大渡河过饱和溶解气体原型观测研究

高坝泄洪会导致水中的总溶解气体（TDG）过饱和，其不利影响会持续较长范围，可能导致下游鱼类患气泡病甚至死亡。随着大量高坝的建成运行，这一生态环境问题更受关注。基于对大渡河水电站A三年的过饱和TDG原型观测数据，分析过饱和TDG生成释放的影响因素及其作用规律，并开展泄水方式优化的分析讨论。结果表明，不同的泄洪建筑物泄洪生成的过饱和TDG差异较为显著，深孔泄洪生成的饱和度水平高于泄洪洞泄洪生成水平；TDG饱和度生成值与泄洪流量成较好的正相关关系，而与下游水位的关系并不显著；初始饱和度的高低影响单位距离TDG饱和度降低值的大小；水深是影响过饱和TDG释放的重要因素，水深越小的河段释放系数越大。
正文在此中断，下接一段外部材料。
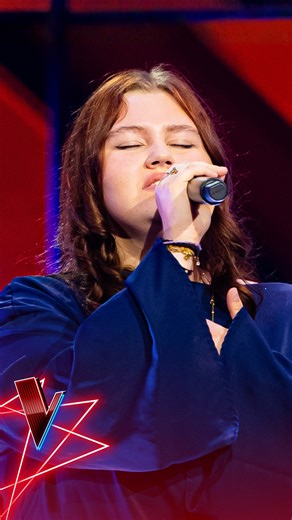Sans jamais avoir pris de cours de chant, Camryn monte pour la première fois sur une grande scène avec My Immortal d’Evanescence. Une prestation intense qui touche Hoshi 🟥 The Voice Belgique ➡ tous les mardis | 20h20 | RTBF La Une & RTBF Auvio | The Voice Belgique - RTBF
基于三年原型观测数据的分析结果，进一步提出水电站A过饱和TDG生成预测模型，并对汛期的大坝泄洪调度提出减缓过饱和TDG影响的优化建议：当流量小于泄洪洞泄洪能力（1384 m3﹒s-1）时，采用泄洪洞泄洪；当流量大于泄洪洞泄洪能力且小于2600 m3﹒s-1时，采用单深孔与泄洪洞联合泄洪，可将生成的TDG饱和度控制在129%以下。多年期的原型观测研究丰富了高坝泄洪过饱和TDG的原型观测成果，为进一步探究过饱和TDG机制和TDG减缓措施提供重要基础数据和技术支撑，对水电开发河流的水生态保护具有一定意义。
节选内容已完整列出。